The final two chapters make a drastic turn to discussions of ethics, virtues, and piety. Mahmood explains how the external actions play a role in shaping the internal self by giving various examples she has encountered during her fieldwork. In one case, the women of the mosque movement argue whether it is appropriate to force one’s self to insincerely weep during prayer, as weeping in prayers were considered a very pious act in the Islamic tradition. In another case, women discuss whether it is acceptable for a woman to veil regardless of pious intentions. Mahmood sees such discussions as pointing to the Aristotelian concept of habitus that was inscribed in such rituals. For the women of the mosque movement, ritual is both an ethical means and ends. Because rituals, for them, meant to please God by shaping one’s self. Mahmood effectively summarizes her point by saying that “… the mosque participants did not regard authorized models of behavior as an external social imposition that constrained the individual.
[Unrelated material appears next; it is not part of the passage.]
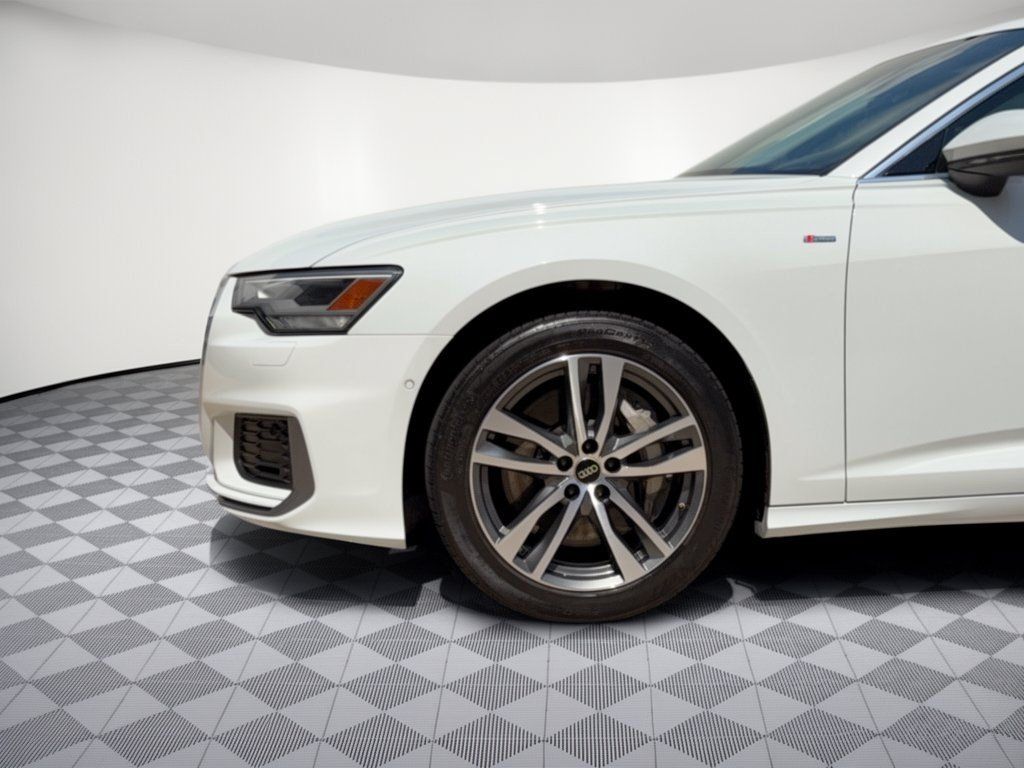 Used 2023 Audi A6 3.0T Premium w/ Convenience Package AWD/4WD image 13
Rather, they viewed socially prescribed forms of conduct as the potentialities, the ‘scaffolding,’ if you will, through which the self is realized. It is precisely this self-willed obedience to religiously prescribed social conventions—what is often criticized as blind and uncritical emulation—that elicits the critique that such movements only serve to reproduce the existing patriarchal order and to prevent women from distinguishing their ‘own desires and aspirations’ from those that are ‘socially dictated’” (p.148). Therefore, Mahmood believes that people exhibit agency precisely because they cultivate their ethics. It is through this complicated analysis of ethics and agency that Mahmood evaluates Butler’s famous notion of performativity and sees that the notion fails to describe the mosque movement. As an example, Mahmood presents different ways the women of the mosque movement are taught to deal with their secular (and not pious) husbands. So, she argues that such examples serve as other modalities of agency in which ‘subordination’ way of looking at agency fails to suffice.
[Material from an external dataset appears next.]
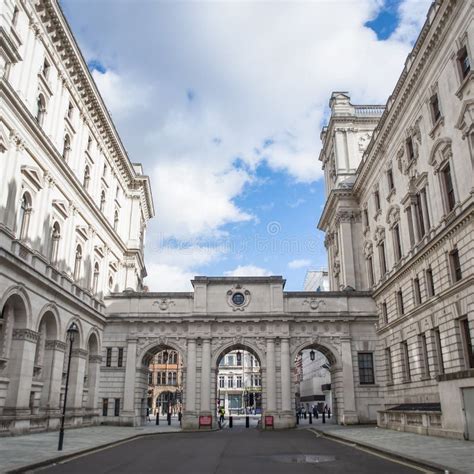 King Charles Street – Foreign & Commonwealth Office (left Side), More ...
To conclude this review, I would like to point to why I believe this outstanding ethnography of Saba Mahmood indeed deserves getting an award. In brief, I have two reasons. The first reason is about the content of the book which provides a rich description and analysis of how ‘agency’ has different modalities that may contradict with liberal understandings of freedom today. And Mahmood’s thought-provoking arguments are not only limited to ‘agency’ but involve other concepts such as ethics, embodiment, and piety. Throughout her work, I was able to gain new insights about how ethical norms are scaffoldings that help an agent in shaping the self through self-work. The second reason is regarding the context and time the book was published in. Published after the 9/11 incident, which, in the West, led to the marginalization of Muslims and to accusing Islam of subordinating women, the book has done a great job in questioning the painted picture of Muslim women in liberal discourses. By doing so, Mahmood, as an anthropologist, has influenced many others, like myself, in cultivating a sympathy for the discipline of anthropology.